▶ **Exercise directions**: Look through the data below and extract, unchanged, the lines from the one that contains "هدست باسیم گیمینگ فنتک مدل AURORA 7.1 HG29 2" to the one that contains "Body Butter Tree Hut Vanilla 510 g Tree Hut", both included.

▶ **Supplied entries**:
□ □ □ □ □ □ □

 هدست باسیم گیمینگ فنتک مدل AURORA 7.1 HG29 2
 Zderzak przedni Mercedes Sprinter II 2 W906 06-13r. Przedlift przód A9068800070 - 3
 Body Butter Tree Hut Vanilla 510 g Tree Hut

□ □ □ □ □ □ □

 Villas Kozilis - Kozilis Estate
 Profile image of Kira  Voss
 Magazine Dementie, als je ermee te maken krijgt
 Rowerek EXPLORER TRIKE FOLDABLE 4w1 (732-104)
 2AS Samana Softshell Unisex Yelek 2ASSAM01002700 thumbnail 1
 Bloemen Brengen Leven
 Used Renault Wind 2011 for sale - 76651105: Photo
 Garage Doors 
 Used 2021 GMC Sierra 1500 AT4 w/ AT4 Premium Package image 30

□ □ □ □ □ □ □

▶ **Expected answer**:
 هدست باسیم گیمینگ فنتک مدل AURORA 7.1 HG29 2
 Zderzak przedni Mercedes Sprinter II 2 W906 06-13r. Przedlift przód A9068800070 - 3
 Body Butter Tree Hut Vanilla 510 g Tree Hut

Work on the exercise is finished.